Symantec-Shmymantec
I had my computer highjacked by my new download of virus protection program for the last few days and have not been able to keep up with everyone. Hope to do so tomorrow as I have a day off, thanks dead presidents!
I have been watching lots of the Olympics and have had ups and downs with the canadian athletes, and my week as also been full of ups and downs.
I shared last week that a friend and co-worker lost his son, and there was a funeral for the little boy last wednesday. It was very emotional, and very christian. I was rather upset and angry leaving the service as the preacher or pastor or whatever he is used the death of the child as a "call to the altar" I guess is the term for it. He stated that you could react in only two ways to the death of this child: either you will go away from god or will come towards him. He then also talked about how empty a life without Jesus would be, and how all of our souls would be lost. Anyway, it felt very opportunistic and misguided to use the death of this child and the immense sorrow of his family to try and converts the few folks in the audience, including me, who do not belong to a christian church. I really liked what my friend said, that having this child had deepened his spirituality, because it was heartfelt. The pitch of the official sounded more like a car salesman approach to spirituality, one of the main reasons I stay away from religions. The crowd felt cultish and wierd as they sang some hymn and raised their hands. I guess I sing some Hip Hop song and raise my hands too, but it is not the only meaning to my life. To me, there was a third option that this death brought in relation to spirituality: it had no effect on my spirituality. Death is part of life, and while I feel sadness and sorrow that my friend lost his beloved son, I also have known death, and have grown to accept it. Not that I am in denial, and that I would not hurt immensely should my child died, but I would not blame god for it, nor attach this death to a pre-ordained wish from god designed to teach me and the world around me something in particular. The whole event brought some very strange emotions to the surface and the whole agency was buzzing with it. Lots of folks spoke of feeling guilty because of the sermon, and other wondered if they should reconsider their spiritual positions, it was draining.
The other draining phenomenon was that one of my client finally was arrested and brought to the Juvenile Hall as no-one could keep him safe. It was a month of trying to help him that just kept failing at different levels. So for now we have some respite. It was a sad event as this child is very much lost emotionally and takes care of himself through anger and defiance. It is always sad to see a young person that cannot be reached when so many folks are trying to do so.
There was a fantastic party at my friend Ponytail's house yesterday. Lots of good music played by many who attended; a delicious dinner, this huge salmon done on the grill; lots of good friends; kids running around; it was a blast. It was a housewarming party for him as he just bought his mother's home and moved in with his little son. It was cold and rainy, but it did not stop anyone from having a good time and gathering by the oudoors stove, chatting and laughing.
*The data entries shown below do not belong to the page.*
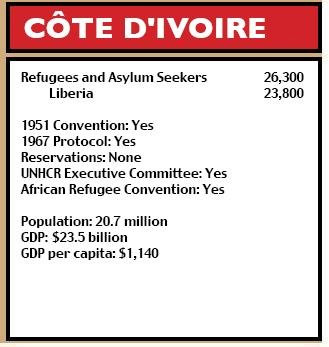 Côte d'Ivoire figures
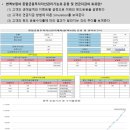 시점시스템 이미지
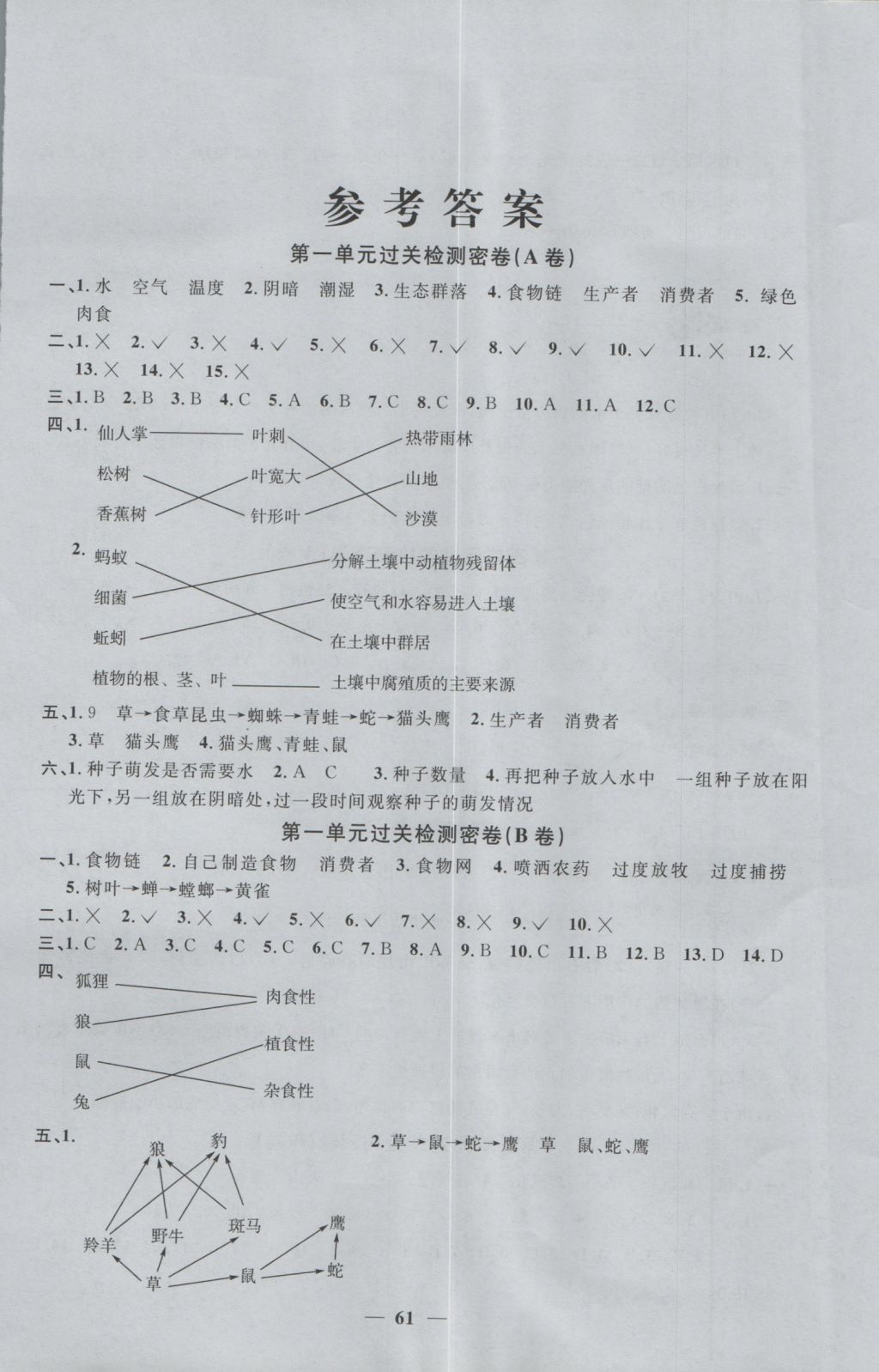 2016年一線名師全優(yōu)好卷五年級科學上冊教科版 參考答案第1頁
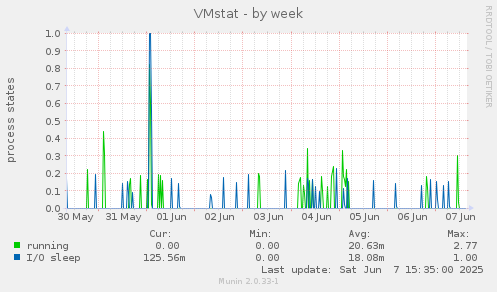 VMstat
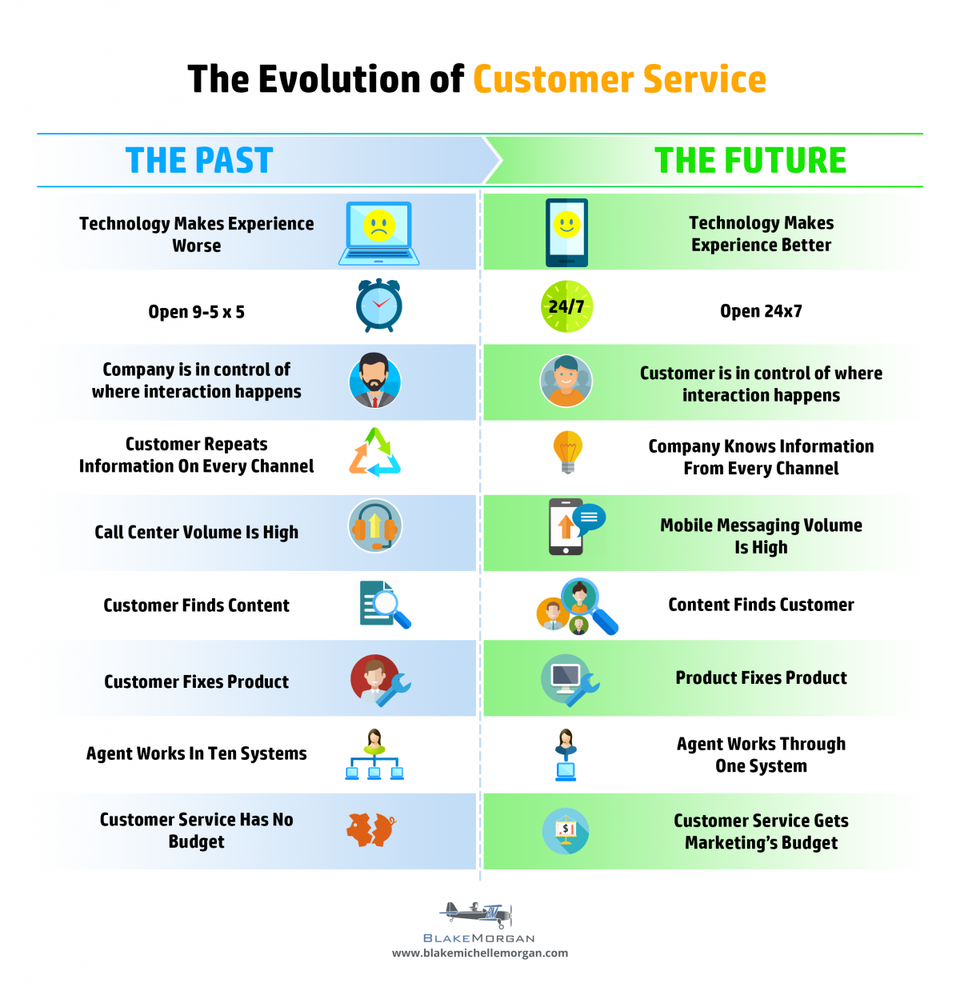 The evolution of customer service - inforgaphic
I needed that.
The Olympics for the most part have been fun to watch, although I have just seen the poor canadian girl get thrown in the ice dancing and that was very scary! I am angry that the canadian men are not doing better in hockey, but overall canada is doing well. The woman hockey team from canada seems poised for a gold. One thing I do love from the winter games: not a US sweep. I just get really tired in the summer games of seeing all of these professional athletes blowing the competion away because other countries do not have the same resources. Although, there are many countries which are not represented in the winter games. Pakistany skaters? Not common.
Feels good to write. I feel like I have few opportunities to do so and I do enjoy it. I feel trapped by the "ought to" these days and as a result, I do none of them. I did shop a bit today, but did not find what I wanted. I am looking for some winter gloves as the sales prevail right now, but did not find what I wanted.
I go get my eyes examined on Tuesday and then will get new glasses. I will get a pic when I get them.
That's it for now.
4 Comments:
Wow that funeral sounds very intense and I am sure i would have the same feelings as you. How sad that people can't just mourn and grieve without having guilt attached to it on top. i'm glad that you did get to have some fun and lightness after all of the heavy stuff. sending you much love and light and happy thoughts :)
I know just how you feel about the funeral. Oy.
Thanks guys, I thought you could relate.
I'm with you P'tit I hate funerals to.
although it was good to see you express yourself so much.